Over time, researchers discovered an obvious problem: Very few real people actually resemble the statistical average used to design the system. Women, children, and people with different body types were often poorly served by systems built around that statistical model.

A famous example comes from the U.S. Air Force in the 1950s, when researchers discovered that cockpits designed for the “average pilot” actually fit almost no pilots at all. Once engineers realized that the statistical average did not represent real individuals, they redesigned cockpits with adjustable controls that could accommodate a wide range of human variation. As these limitations became clearer, many industries began redesigning their standards to account for a wider range of human variation.

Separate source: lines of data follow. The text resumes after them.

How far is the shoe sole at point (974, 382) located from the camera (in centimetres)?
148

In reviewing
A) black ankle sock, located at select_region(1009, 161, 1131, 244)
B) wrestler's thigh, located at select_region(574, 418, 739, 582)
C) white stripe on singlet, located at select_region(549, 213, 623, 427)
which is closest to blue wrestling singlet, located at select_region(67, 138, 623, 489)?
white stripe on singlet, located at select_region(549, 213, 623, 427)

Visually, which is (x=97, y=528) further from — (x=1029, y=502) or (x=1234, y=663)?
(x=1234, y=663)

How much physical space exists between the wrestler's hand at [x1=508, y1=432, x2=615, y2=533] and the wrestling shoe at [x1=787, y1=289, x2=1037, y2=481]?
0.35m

Education systems face a similar challenge.

The idea of a statistical “reference student” appears within academic standards that organize learning expectations by age-based grade levels. In theory, these grade levels represent the point at which most students, on average, are expected to develop particular academic skills, such as learning fractions around age 8-9 (CCSS 3.NF.1) and creating summaries of a text's main idea and key details around age 9-10 (CCSS RL.4.2).

When students begin Kindergarten around age 5, having these grade-level academic expectations allows schools to measure students against this linear development of academic standards across grade levels. This helps schools coordinate with curriculum designers, allows teachers to plan grade-level-specific lessons, and assessments can be designed around a shared set of expectations specific to each grade level.

However, child development does not unfold according to a perfectly synchronized timetable.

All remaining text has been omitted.